The first pinned post is how to fix SD Card issues. The way it is worded, it sounds like it applies mostly to tablets that have an external SD Card.

I am not sure how the Touchpad handles storage but it appears that it creates a virtual SD Card from internal memory. Is this true? How does an application decide to store data on the "SD Card" versus "internal" memory?

Does this post about fixing SD Card issues apply exactly as stated for the HP Touchpad with no external SD Card?


----------



## jcsullins (Sep 27, 2011)

dpeteual said:


> The first pinned post is how to fix SD Card issues. The way it is worded, it sounds like it applies mostly to tablets that have an external SD Card.
> 
> I am not sure how the Touchpad handles storage but it appears that it creates a virtual SD Card from internal memory. Is this true? How does an application decide to store data on the "SD Card" versus "internal" memory?
> 
> Does this post about fixing SD Card issues apply exactly as stated for the HP Touchpad with no external SD Card?


That post is specifically for HP Touchpad (note that it is in the HP Touchpad forum).

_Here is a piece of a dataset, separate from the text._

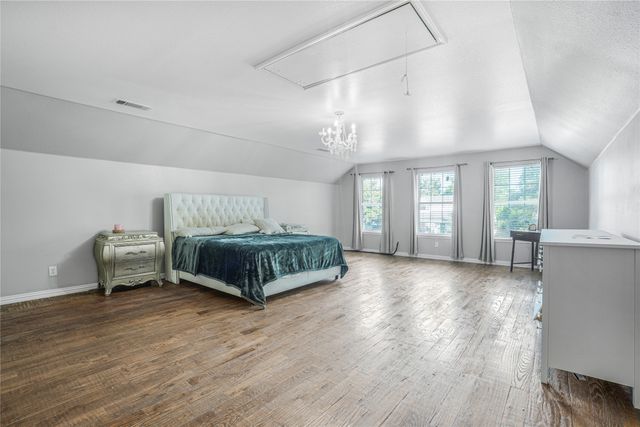 813 Beacon Hill Drive, Irving, TX 75061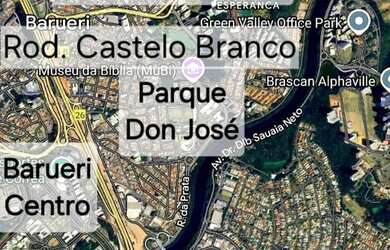 Imagem: A casa possui 4 Dormitórios, 5 Banheiros, 4 Vagas na garagem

HP Touchpad does not have a real sdcard, it is fake - note the use of quotes around sdcard ('sdcard') throughout.


----------



## dpeteual (Nov 26, 2011)

Thanks for any help. I have bricked my touchpad. Nothing that I have tried appears to help. I thought I would try the SD Card fixes. I am afraid I can't follow the procedures. It says to download a file which I did. Then use my favorite recovery software to apply the fix. Not sure what a recovery software is or how to use it.


----------



## phoenixelijah (Feb 8, 2012)

Sounds like a headache... if it's totally bricked you should send it to me!


----------



## nevertells (Oct 29, 2011)

dpeteual said:


> Thanks for any help. I have bricked my touchpad. Nothing that I have tried appears to help. I thought I would try the SD Card fixes. I am afraid I can't follow the procedures. It says to download a file which I did. Then use my favorite recovery software to apply the fix. Not sure what a recovery software is or how to use it.


Why don't you explain what you mean by bricked your TouchPad and how you did it. Maybe someone can offer some suggestions on how to recover. Fixing SD card issue discussed in that pinned thread has nothing to do with your problem. Give as much detail about your problem and how you got there.


----------



## phoenixelijah (Feb 8, 2012)

nevertells said:


> Why don't you explain what you mean by bricked your TouchPad and how you did it. Maybe someone can offer some suggestions on how to recover. Fixing SD card issue discussed in that pinned thread has nothing to do with your problem. Give as much detail about your problem and how you got there.


Probably a much better idea... don't be intimidated by all the lingo. Give as much detail as you can and it's probably not hopeless...


----------